- [Instructions for the task]
Copy out every line of the data exactly; do not include the images.

- [Provided data]
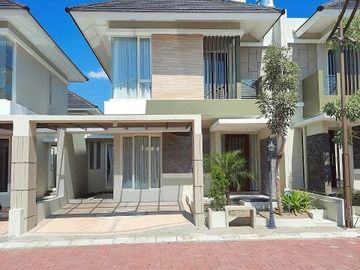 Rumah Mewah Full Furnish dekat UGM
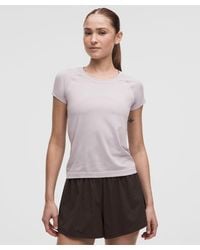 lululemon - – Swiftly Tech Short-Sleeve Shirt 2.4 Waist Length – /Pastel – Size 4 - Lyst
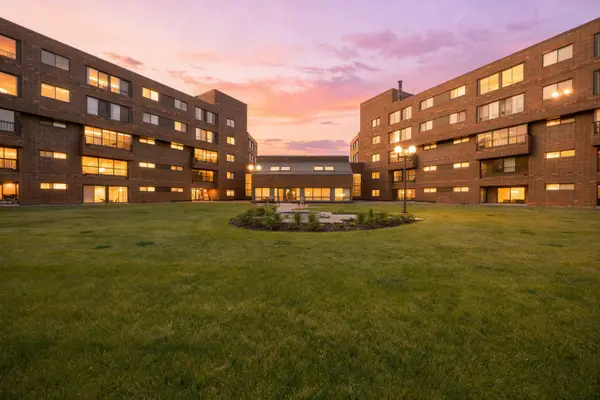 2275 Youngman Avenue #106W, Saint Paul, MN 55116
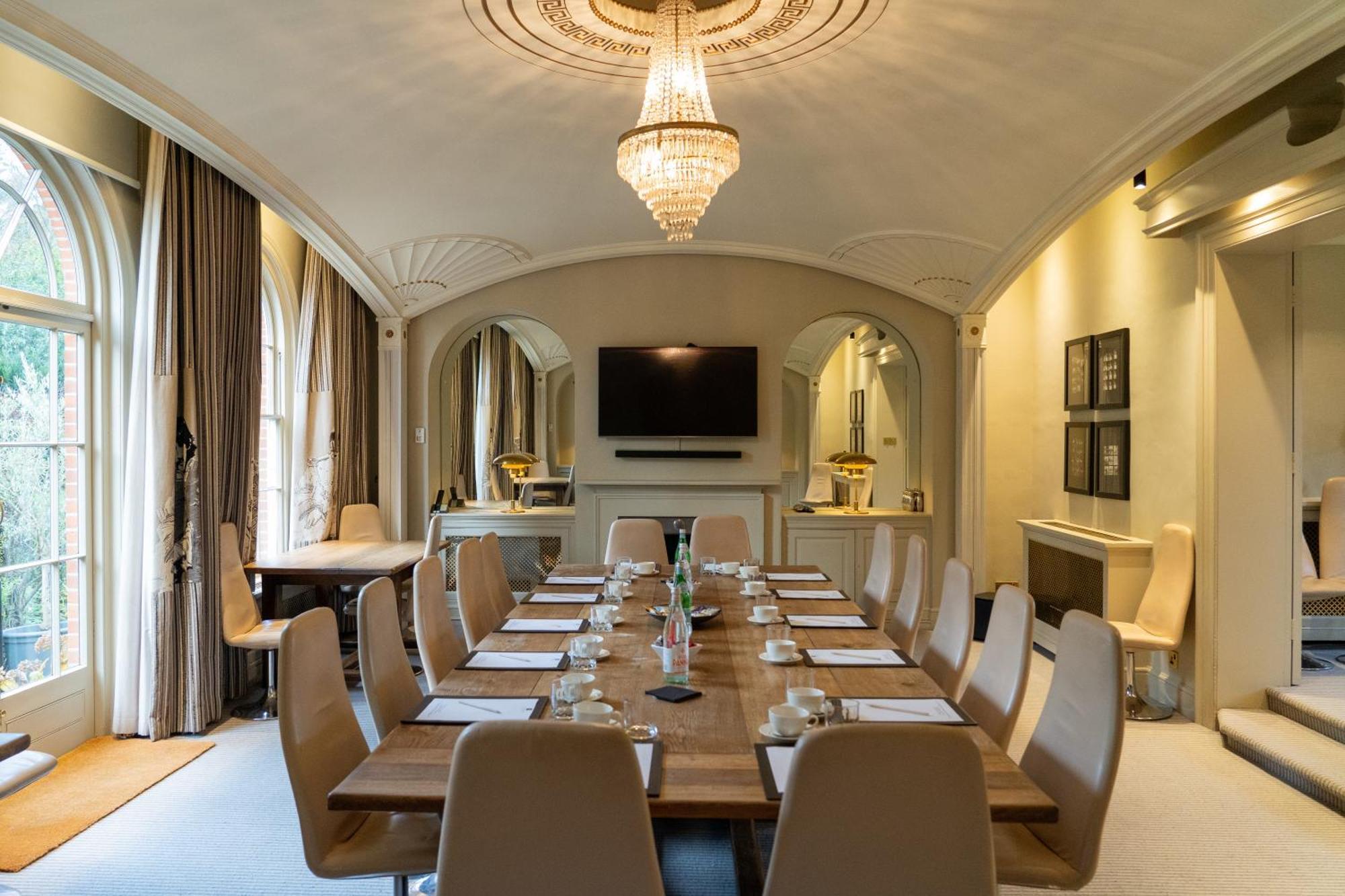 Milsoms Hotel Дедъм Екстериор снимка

- [Exercise answer]
 Rumah Mewah Full Furnish dekat UGM
 lululemon - – Swiftly Tech Short-Sleeve Shirt 2.4 Waist Length – /Pastel – Size 4 - Lyst
 2275 Youngman Avenue #106W, Saint Paul, MN 55116
 Milsoms Hotel Дедъм Екстериор снимка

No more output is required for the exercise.